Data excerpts
┌──
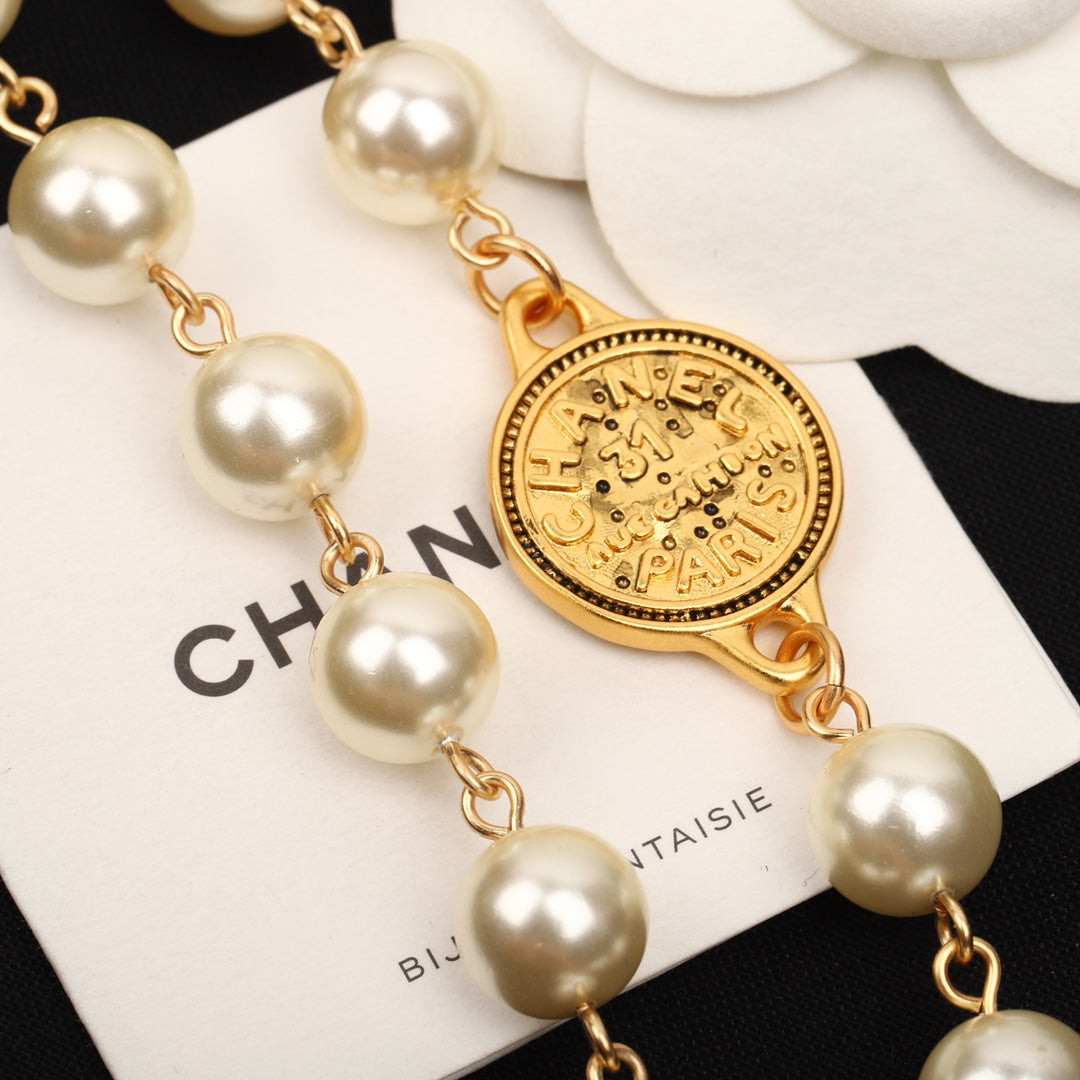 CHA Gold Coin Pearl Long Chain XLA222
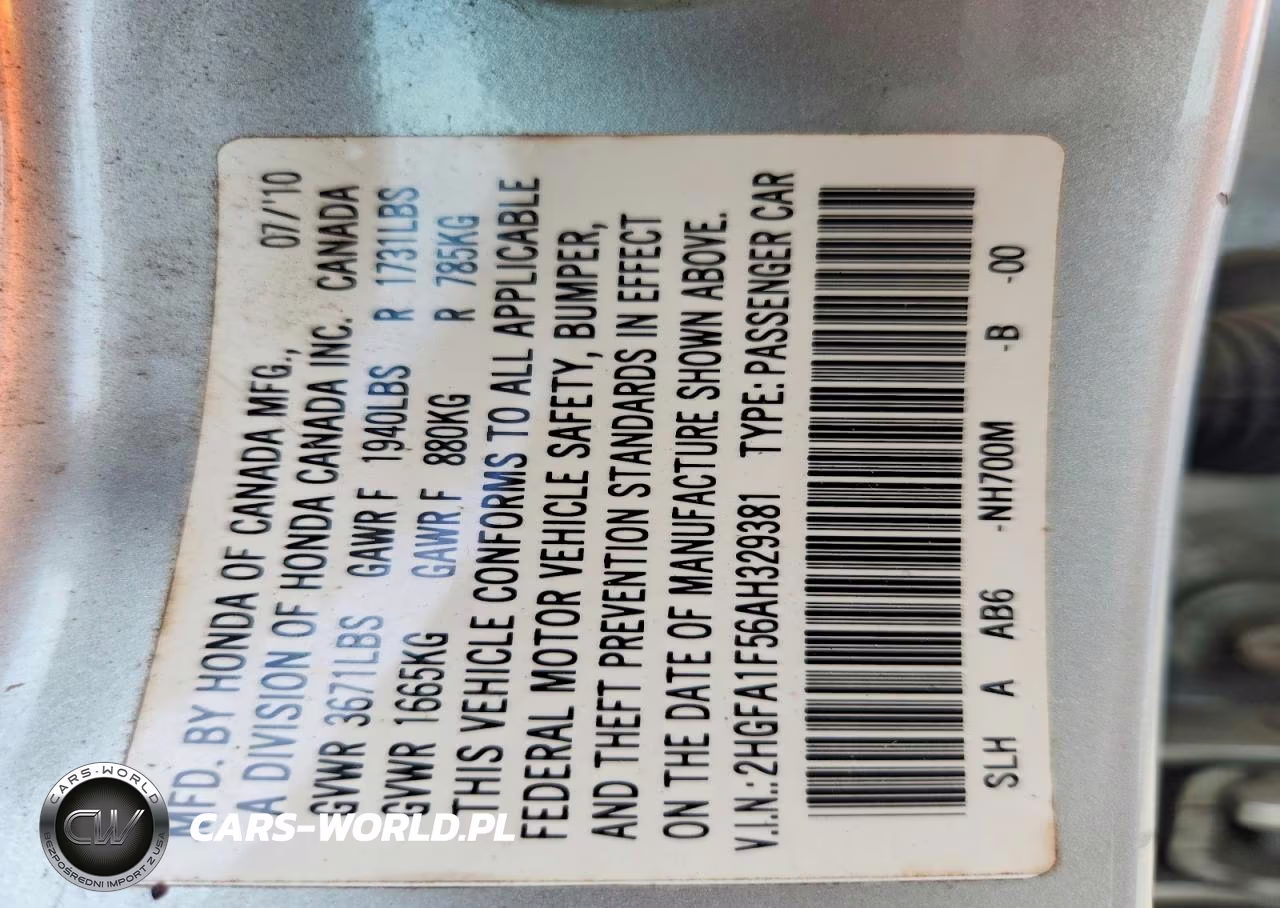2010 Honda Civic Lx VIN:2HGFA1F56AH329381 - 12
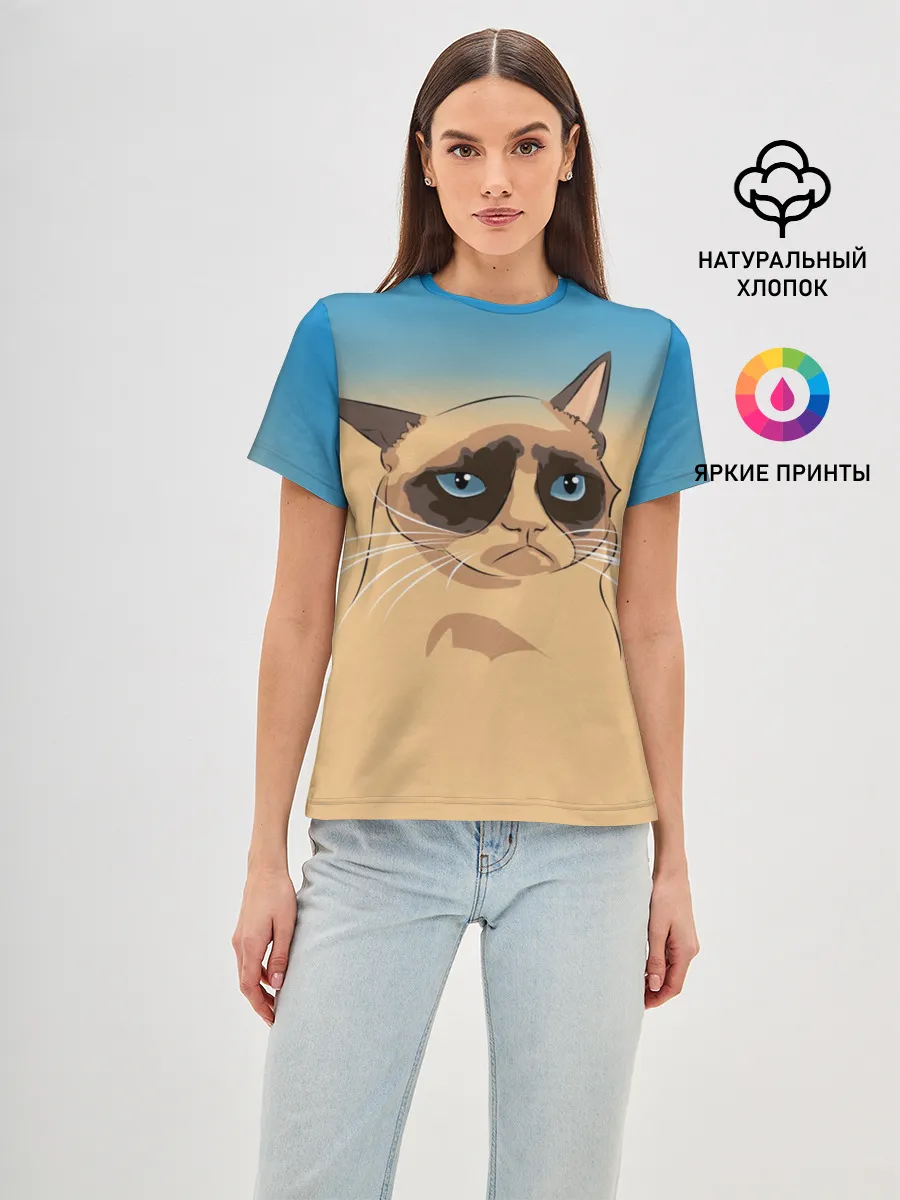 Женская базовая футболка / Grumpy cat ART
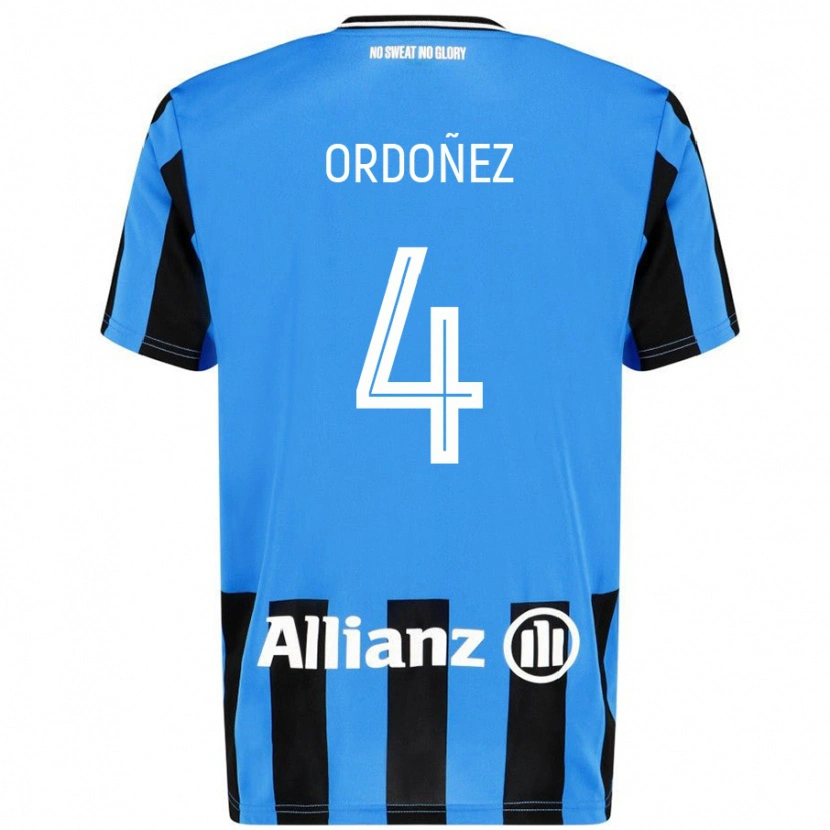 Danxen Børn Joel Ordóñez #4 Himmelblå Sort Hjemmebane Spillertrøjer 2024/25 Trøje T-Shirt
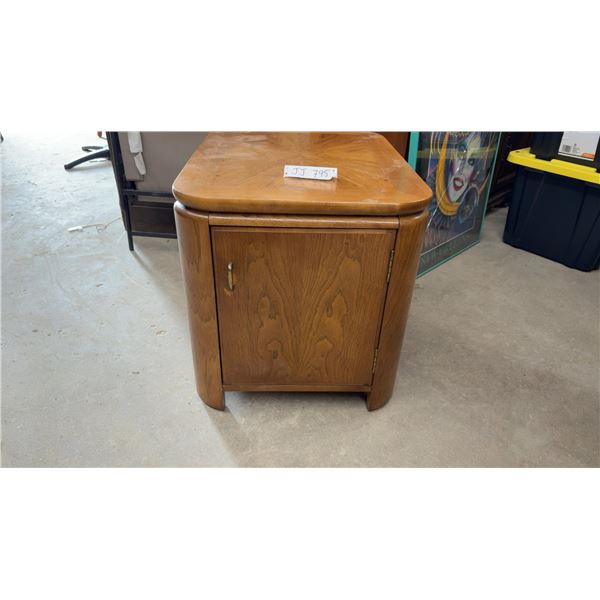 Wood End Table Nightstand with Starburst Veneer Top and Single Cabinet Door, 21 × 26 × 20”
└──
● **Your task**: When you print the records above, keep them exact and leave out the pictures.

● **Solution to this task**:
 CHA Gold Coin Pearl Long Chain XLA222
2010 Honda Civic Lx VIN:2HGFA1F56AH329381 - 12
 Женская базовая футболка / Grumpy cat ART
 Danxen Børn Joel Ordóñez #4 Himmelblå Sort Hjemmebane Spillertrøjer 2024/25 Trøje T-Shirt
 Wood End Table Nightstand with Starburst Veneer Top and Single Cabinet Door, 21 × 26 × 20”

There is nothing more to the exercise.